UX (User Experience) doesn’t need to be scary and complicated. In my last article, I told readers this and provided a few simple ways to allow anyone to help craft great experiences.
I was pleasantly surprised with awesome responses from those looking to step-up their UX game to the next level. So, without further ado, here’s tips and tricks anybody can use to boost their website or app’s user experience — level 2.
1 — Wireframe designs before any designing happens
Wireframing involves designing your product’s “skeleton” interface, using only basic items such as lines, shapes, words and boxes. This is a crucial element of many comprehensive UX processes and is where a UX designer’s knowledge really shines, as they can’t hide behind anything pretty. The focus here is on why and how the interface is shaped the way it is. Wireframes often focus on the layout of information across numerous pages, where information is placed on a page, various key user flows, placement of buttons and more.
Many often think that wireframing sounds difficult, but it doesn’t need to be difficult. Start with a pen and paper (or choose from a vast number of online tools), and sketch out what you have in mind. Consider whether the placement of information makes sense to you, let alone any other users. Show friends your wireframe and see if it makes sense to them.
2 — Run UX reviews regularly as the product changes and grows
Crafting a great experience is never a one-time effort. The dynamic nature of many products means you constantly need to review the UX of new and already existing features. Focusing only on the experience of new features is a surefire way to let the overall experience you work so hard on slip away.
3 — Craft useful empty states
Many people focus on the state of designs and products assuming that information already exists. In an ideal world this is great, but back here in reality most of your busy tables, cards or graphs will start off without any data. The good news is that, with enough thought, these states present a great opportunity for boosting key metrics by encouraging user input. Plus they help keep users occupied on an otherwise boring screen!
What can you consider? Identify the key action you want users to complete and consider creative graphics, messages, tool-tips or so on to encourage users towards that action. Look at what other creative solutions are out in the wild for inspiration here.

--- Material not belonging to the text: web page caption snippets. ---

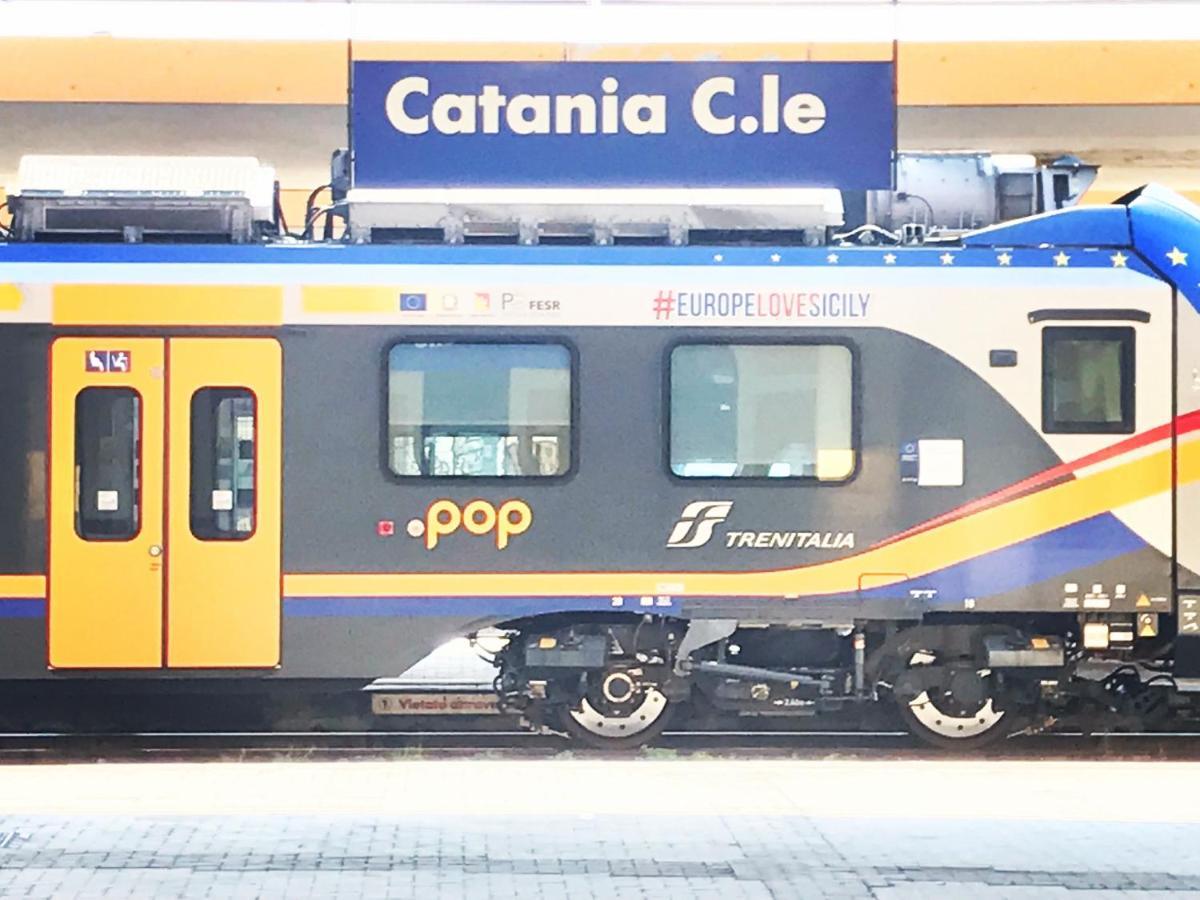 Binario 8 Catania Stazione Centrale Eksteriør bilde
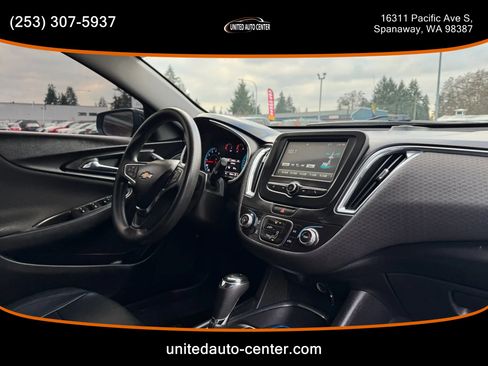 Used 2016 Chevrolet Malibu LT image 11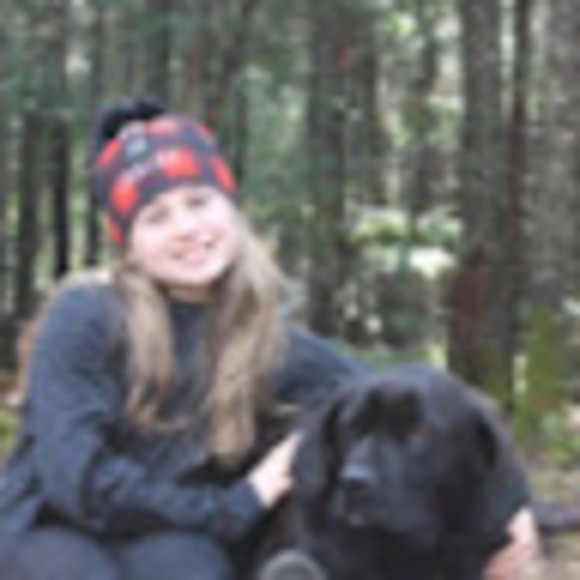 Meet your Posher, Anabelle - Picture 1 of 1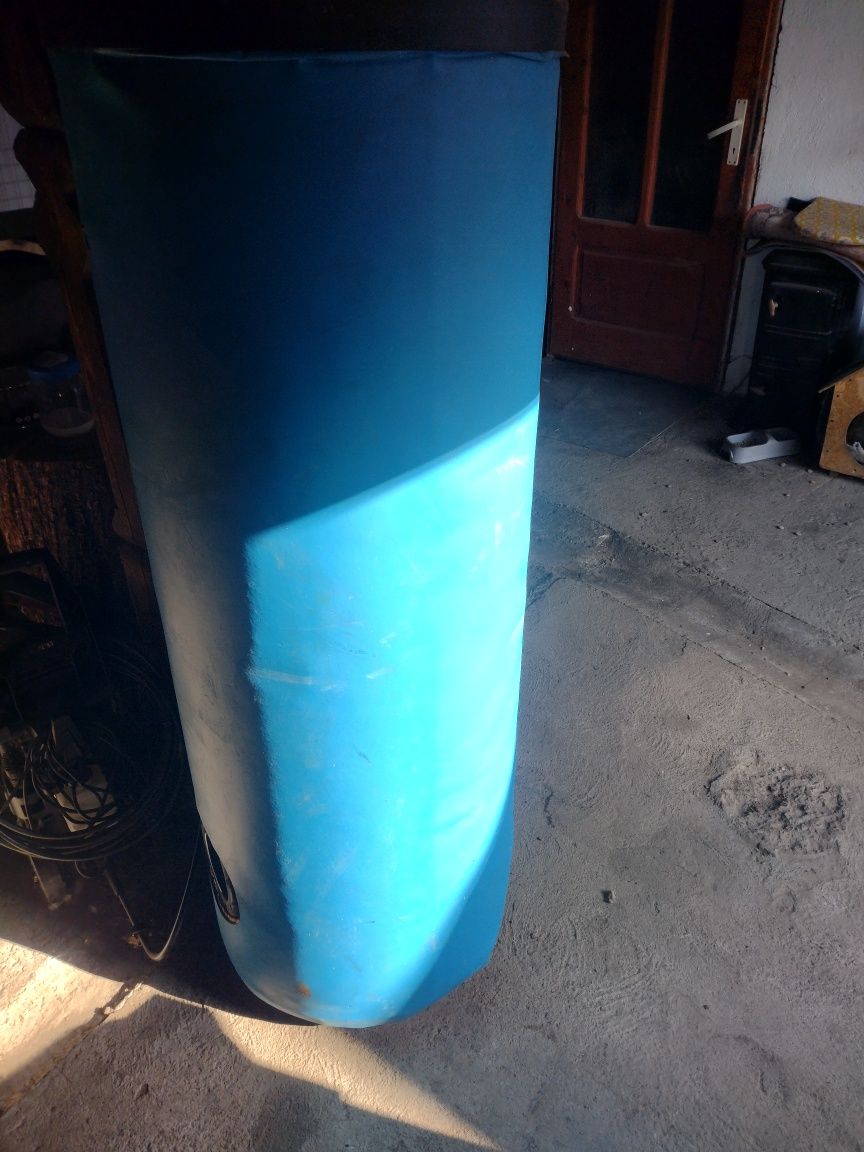 Vând boiler pentru apă caldă solar sau centrală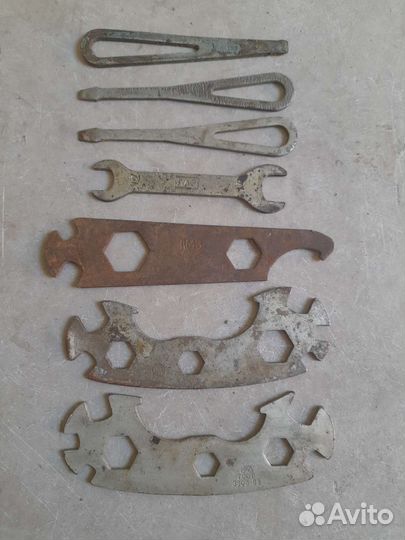 Ключи, нипель, поршень СССР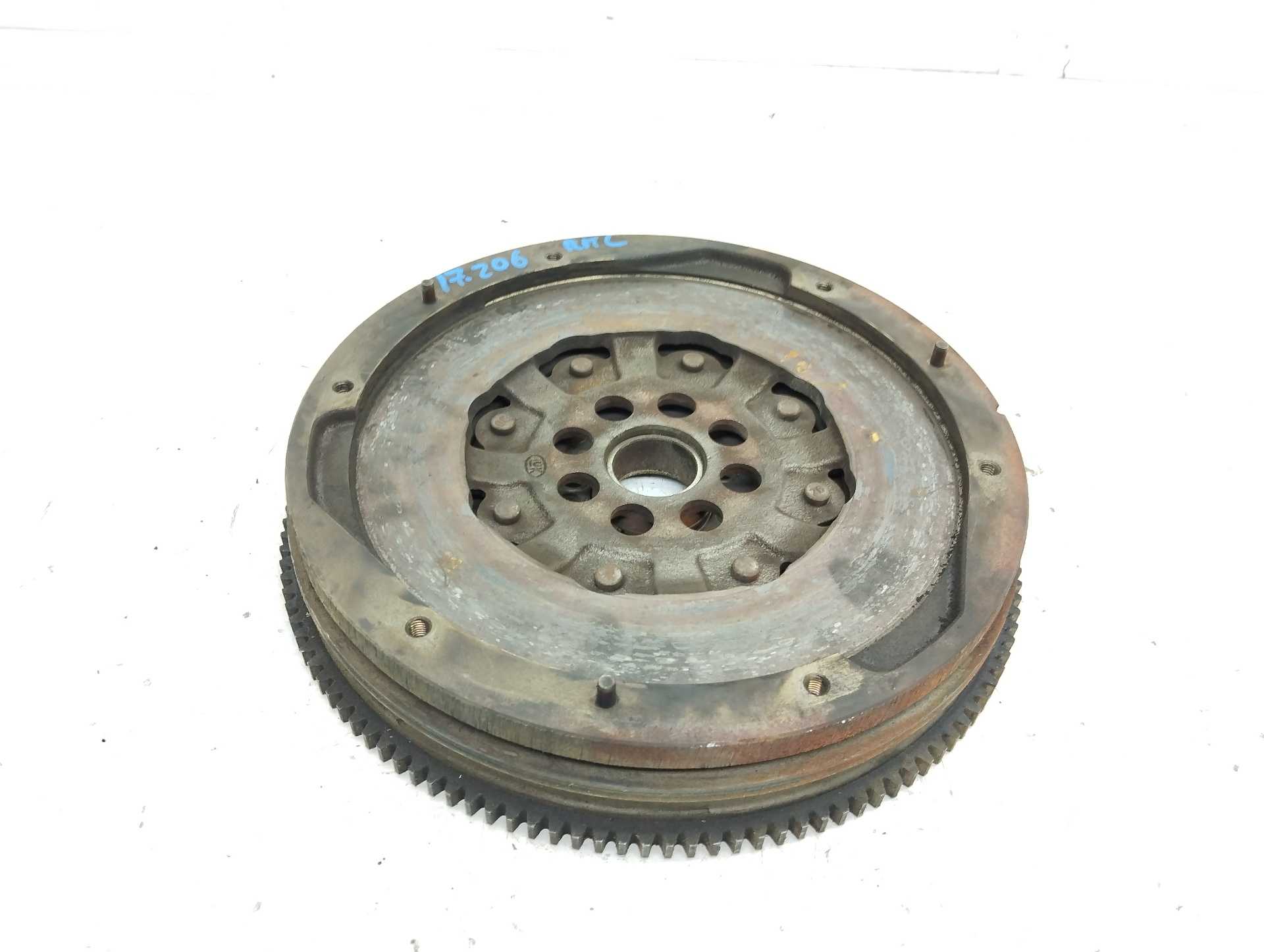 Recambio de volante motor para nissan x-trail (t30) referencia OEM IAM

4 — Count the number of taps or clicks to complete various flows
Typically, people are wired to find the maximum return from the minimum effort. If your key flows take too long to complete, users will get annoyed and are unlikely to be returning users. As a product grows and changes, the amount of clicks or taps to complete an action can balloon if unchecked. Ensure that, as changes roll in, you keep an eye on how long your key flows take to complete and optimise them accordingly.
Consider booking an Uber. Booking a ride, at its shortest, can take me three taps once I’ve logged in and added my payment method. If I had to add my payment details each time, the experience would take much longer. And I’d probably get annoyed and tweet at Uber to stop such madness!
5 — Focus on data and users, less on the “unrelated know-it alls”
User Experience is a field prone to input from everybody thinking that they know it all. I can’t count the number of times I’ve heard seniors in unrelated business functions say “Change A to B because B is great UX”. I call these people the “unrelated know-it alls”. The truth is, nobody knows everything about UX — not even those claiming to be the best. Why? UX is contextual. Something that skyrocketed key metrics in one product won’t necessarily do the same in another.
The key to making a great experience is focusing on data and user feedback. Most of the time, letting the numbers and voices do the talking for you is a great way to create a kick-ass experience. A sharp rise in a page’s exit rate from 45% to 90% after your boss insisted on a huge change is a great way to let the numbers talk for you instead of having a debate.
6 — Only show users information when they really need that information
We live in a modern day world of information overload. We are bombarded with more information than ever from the moment we rise to the moment we sleep. As a result, many people are actively looking to reduce the constant overload we face every day. At its simplest, your product is just another source of information. Many will seeks ways to consume the minimum amount of information for the greatest return. Providing only the necessary information at the right time is a great way to help users achieve this in a minimal fashion— find what they want quickly and without feeling totally overwhelmed.
Consider a Weather app. Most people use such an app to typically answer a very specific question — tell me the temperature at X. Bar some, most people won’t care much for air pressure or visibility at that time. They just want to know what to wear that day. This is a great example as to why Apple’s Weather iOS app hides such details below the fold — because most people don’t need that degree of information, so why bombard them with unnecessary information?